Twenty-three percent of companies have reported earnings, 84% of companies have exceeded expectations and the average beat has been meaningful. If this holds it’ll be the third-best earnings season relative to expectations on record. The other huge storyline has been cryptos. Led by a new ETF debuting last week allowing typical equity investors an opportunity to invest in cryptos without having to directly own them, we saw Bitcoin surge to record highs mid-week before settling in just below $60,000 by the end of it. The next step in the mainstreaming of them happened last week. That may have the potential to represent a near-term peak in prices, as there aren’t necessarily other huge catalysts right around the corner. Now about the brass tax. 
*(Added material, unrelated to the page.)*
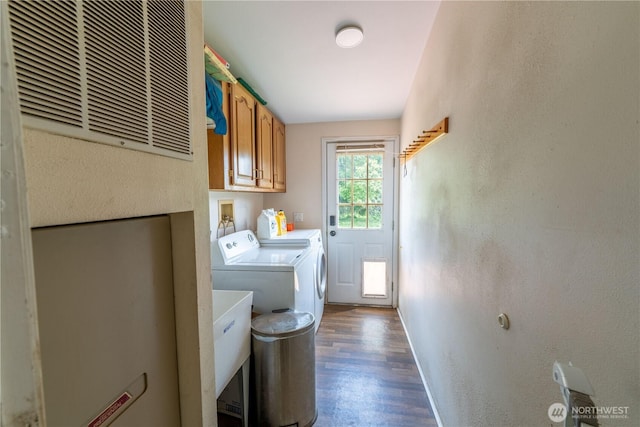 1822 W Devanny Ln, Port Angeles, WA 98363 - laundry room with washer and clothes dryer, cabinet space, dark wood finished floors, baseboards, and a textured wall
As we enter this week, here’s where the market stands based on fundamentals using the S&P 500 as the example.

  • S&P 500 P\E: 28.63
  • S&P 500 avg. P\E: 15.95

The downside risk is 44% based on earnings multiples right now from current levels. That’s one percent more risk than a week ago, however, it’s 11% lower than at the recent highs due to improved earnings. That’s the power of improved earnings, helping to justify stock prices which also mitigates risk. It's always important to ensure that you're positioned for negative adversity. I don’t expect anywhere near a 44% decline, however in theory it’s possible if the near worst-case outcomes occurred. If a short-term decline at those levels wouldn't affect your day-to-day life, you're likely well-positioned. If that is a problem for you, you should probably seek professional assistance in crafting your plan that balances your short-term needs with long-term objectives.